Interviewer Exposes False Data In Naomi Wolf’s Book About Homosexual Executions

Interviewer Exposes False Data In Naomi Wolf’s Book About Homosexual Executions

Naomi Wolf’s lack of understanding and subsequent inaccurate portrayal of history has broad ramifications for how we regard academic works and new views on history.
Holly Scheer
By

Naomi Wolf’s latest book “Outrages: Sex, Censorship and the Criminalisation of Love” is the center of attention for a reason no writer wants to be widely discussed: her book contains incorrect information and a faulty premise. It is supposedly about the “dramatic buried story of gay history,” but it appears she got her history very, very wrong.

Wolf initially alleged that “People widely believe that the last executions for sodomy were in 1830. But I read every Old Bailey record throughout the 19th century, so I know that not only did they continue; they got worse.” She covers this assertion in her book, but as a recent interview revealed, it rested on her misunderstanding of the legal term “death recorded” in the records.

She didn’t learn about this regrettable lapse in research on her own, fact-checking done by her publisher, or a kind friend pulling her aside and asking if she was really sure she grasped the nuances of Victorian England’s sentencing guidelines. Rather, Wolf learned about her gaffe on air, during an interview with Matthew Sweet on BBC’s “Arts & Ideas.” Wolf’s lack of understanding and subsequent inaccurate portrayal of history has broad ramifications for how we regard academic works and new views on history.

The GoodReads blurb for this book reads, as of Friday evening:

Until 1857, the State did not link the idea of ‘homosexuality’ to deviancy. In the same year, the concept of the “obscene” was coined. New York Times best-selling author Naomi Wolf’s Outrages is the story, brilliantly told, of why this two-pronged State repression took hold—first in England and spreading quickly to America—and why it was attached so dramatically, for the first time, to homosexual men.

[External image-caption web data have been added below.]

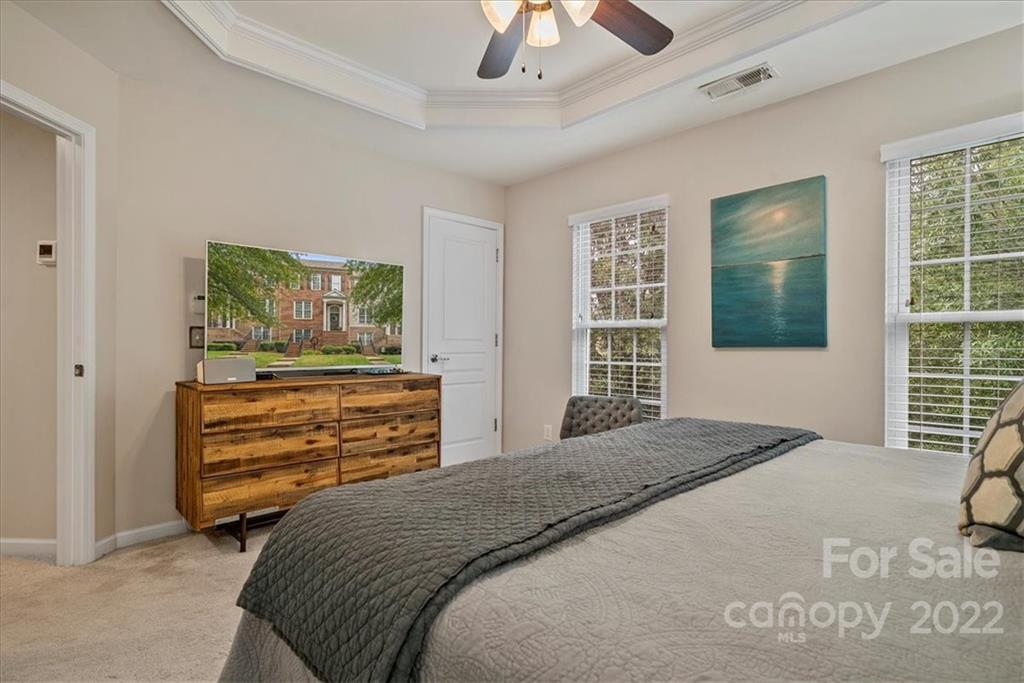 647 6th Baxter Crossing Fort Mill, SC 29708 - Photo 17 of 34 a bedroom with a bed and a dresser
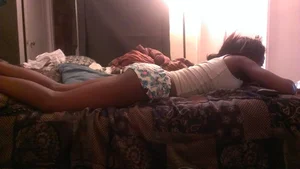Black sexy girlfriend laying around in little shorts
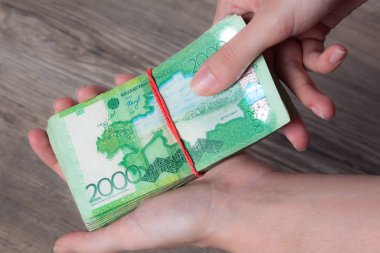 Bir tomar parayı elastik bir bantla tutan eller. Tenge Kzt. Kazakistan 'ın ulusal para birimi, Kz. Değişim oranı. Ekonomi, kalkınma, iş, banka, komisyoncu. BanknotName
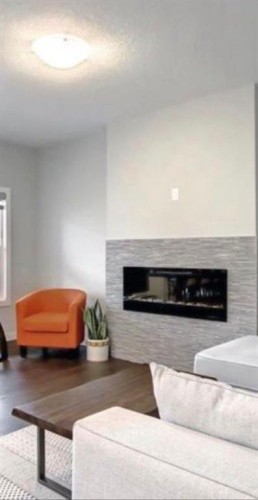 14 Belvedere Point Se, Calgary, AB - Indoor Photo Showing Living Room With Fireplace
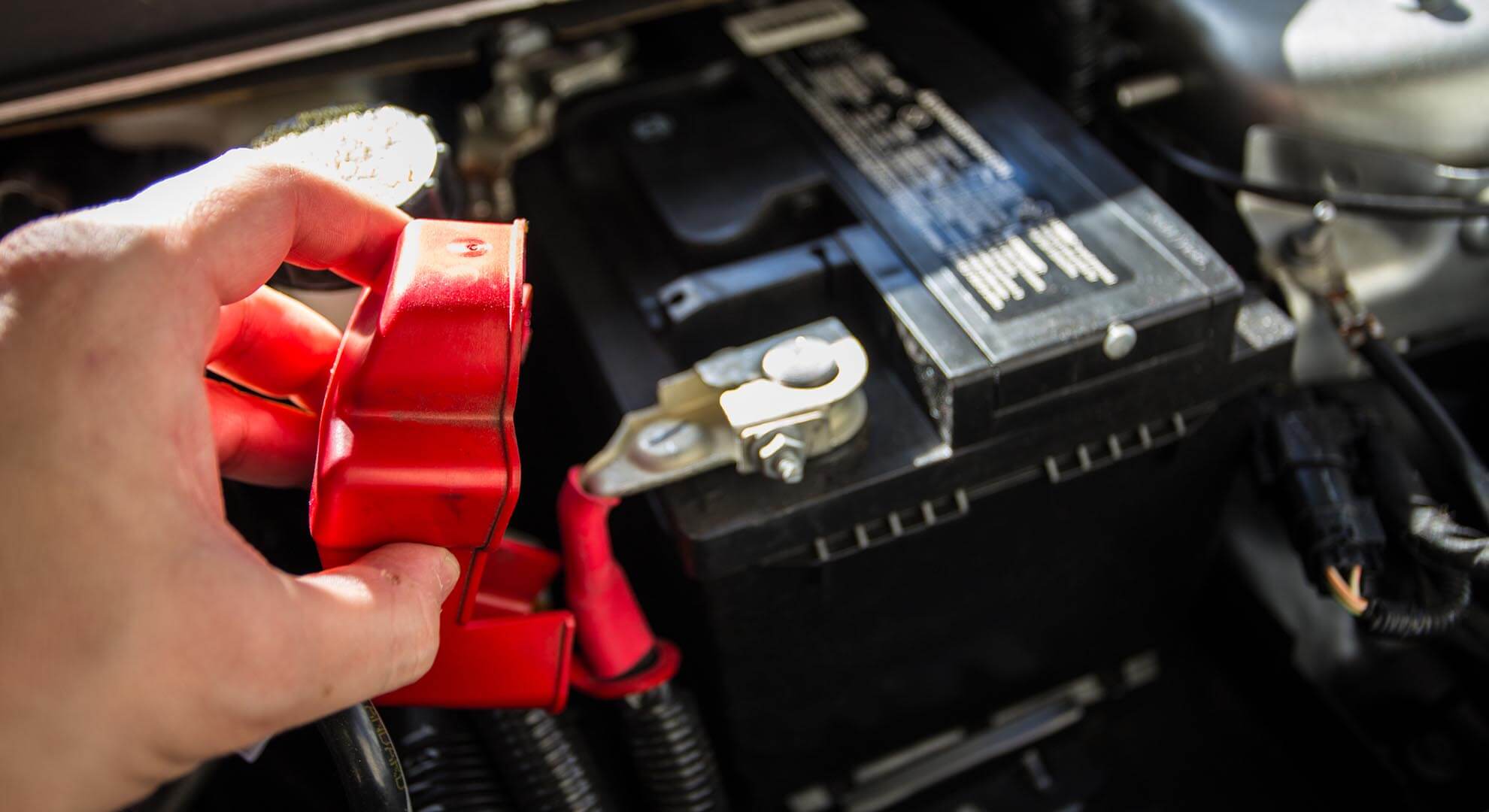 Person removing the red plastic cap on a car battery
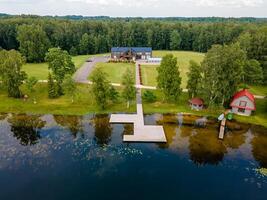Riga, Latvia, 2024 - Lakeside View with Wooden Dock and Modern House in Forested Area photo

Before 1857 it wasn’t ‘homosexuality’ that was a crime, but simply the act of sodomy. But in a single stroke, not only was love between men illegal, but anything referring to this love became obscene, unprintable, unspeakable. Wolf paints the dramatic ways this played out among a bohemian group of sexual dissidents, including Walt Whitman in America and the closeted homosexual English critic John Addington Symonds—in love with Whitman’s homoerotic voice in Leaves of Grass—as, decades before the infamous 1895 trial of Oscar Wilde, dire prison terms became the State’s penalty for homosexuality.

Most powerfully, Wolf recounts how a dying Symonds helped write the book on ‘sexual inversion’ that created our modern understanding of homosexuality. And she convinces that his secret memoir, mined here fully for the first time, stands as the first gay rights manifesto in the west.

It’s clear that Wolf’s book was written with a certain agenda. Many books are written with agendas. It’s not her bias that should throw the brakes on hard, it’s that basic research would have uncovered what Sweet found.

Thomas Silver, one of the men Wolf writes about in the book, was not “actually executed for sodomy” in 1859 but was paroled a mere two years later. More, as Sweet notes, this was not some adult-on-adult relationship built on love, like her book claims to be about; Silver committed an “indecent assault on a 6-year-old boy.”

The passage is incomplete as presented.